Wednesday, December 4, 2013
From staff reports
A pair of politicos who worked to elect Maine Gov. Paul LePage have launched a new group, initially funded by leftover inaugural donations, aimed at "improving Maine's future" and promoting policies that "benefit all of the people of Maine."
Jason Savage, a former Marden's employee who was also a paid campaign worker on the Republican's gubernatorial bid, is the executive director of Maine People Before Politics. Brent Littlefield, a political consultant who was a top adviser in the LePage campaign, is a "strategic adviser" to the group.
Littlefield said he and Savage will work aggressively to build membership and raise funds. He said the group is being operated now with some initial funding.
The funds appear to have been left over from LePage's transition team fundraising for the inauguration. The Maine People Before Politics group was formerly known as LePage Transition 2010, according to the Maine Secretary of State website on corporations.
The group is a non-profit, membership-based organization, according to its website, www.mainepeoplebeforepolitics.com.
As an issue-based organization rather than a candidate-based one, Littlefield said, there are no plans to register as a political action committee. PACs have to make periodic reports on donations and expenditures.

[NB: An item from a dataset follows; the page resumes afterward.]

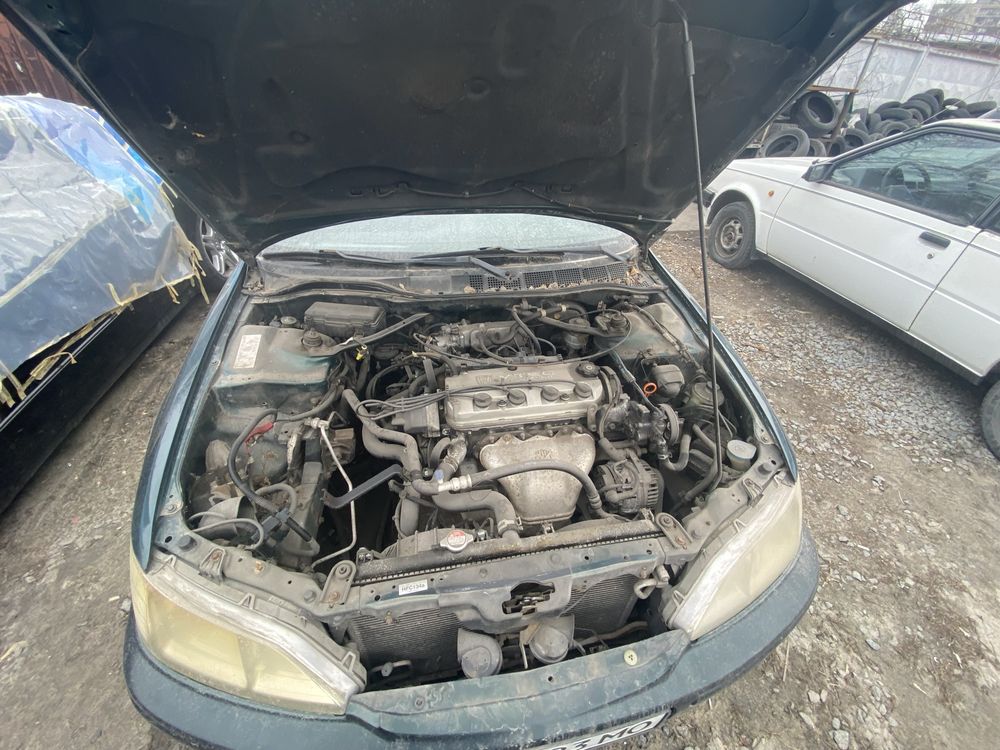 Honda Accord 1.8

Littlefield said the group's goal is to give Maine people, particularly those who supported LePage's gubernatorial bid, an outlet in Augusta.

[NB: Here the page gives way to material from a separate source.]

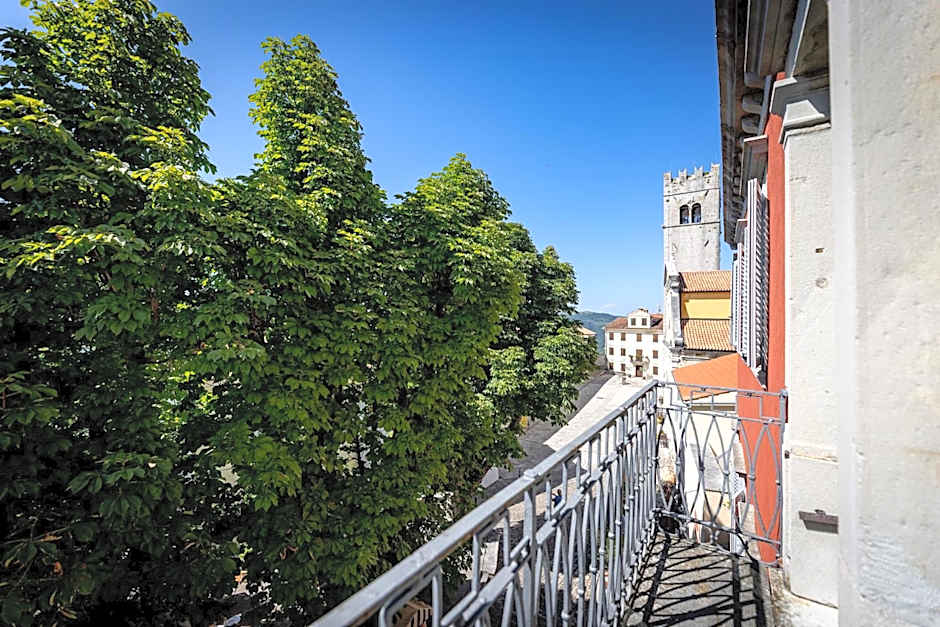 Boutique Hotel Kaštel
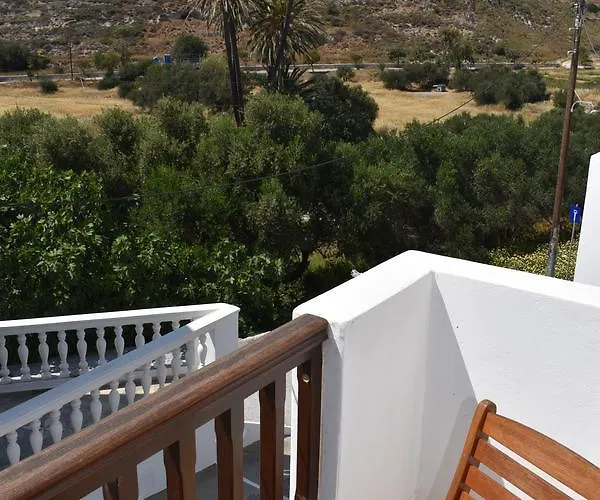 Lejlighed Filippos *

"Really our goal here is to allow people that aren't professional lobbyists, to give them a voice; to democratize the process of issue discussion," he said in an interview.
The group's name reflects a constant LePage refrain, and will be "absolutely supportive of the governor's policies," he said.
It will provide people who were motivated during the election a chance to speak out on issues and push back on those who criticize changes advocated by the governor, Littlefield said.
The initial news release from MPBP takes aim at the Maine State Employees Association and Maine Education Association objections to some of LePage's budget proposals. In a seven-page report, MPBP highlights campaign contributions made by the MSEA and MEA to Democratic candidates and PACs over the last eight years.
"The MSEA and the MEA, who joined the Augusta protests, have aggressively contributed to the very legislative leaders who ignored the growing pension crisis in Maine," Savage said in the release.
MAINE GETS 'F' ON NEW REPORT
When it comes to openness about government spending, Maine earned an "F" in a recent report released by the U.S. Public Interest Research Group.
In fact, this bullet point from a summary of the report stands out: "Maine is the only state in the nation without a publicly accessible transparency website."
The group looks for what they call "checkbook-level detail," something that's apparently available in 40 states. But not in Maine.
In fairness to the state Office of Fiscal and Program Review, the full state budget is available online, as are back-up documents used by lawmakers while reviewing the 539-page budget. You can find the materials at: www.maine.gov/legis/ofpr/appropriations_committee/materials/index.htm
The budget is also out in bill form as L.D. 1043. But, it does take some effort to read and understand it.
In other transparency-related news, Democrats once again blasted LePage for exempting his Business Advisory Council from the state's open meetings laws. In their weekly radio address, Senate Minority Leader Barry Hobbins, D-Saco, said he had to once again speak out about the issue.
"The members of these councils are the very people who will have the governor's ear, helping craft policy and priorities for the next four years," he said. "Don't we, the people of Maine, have the right to know who is on the councils and what decisions are being made?"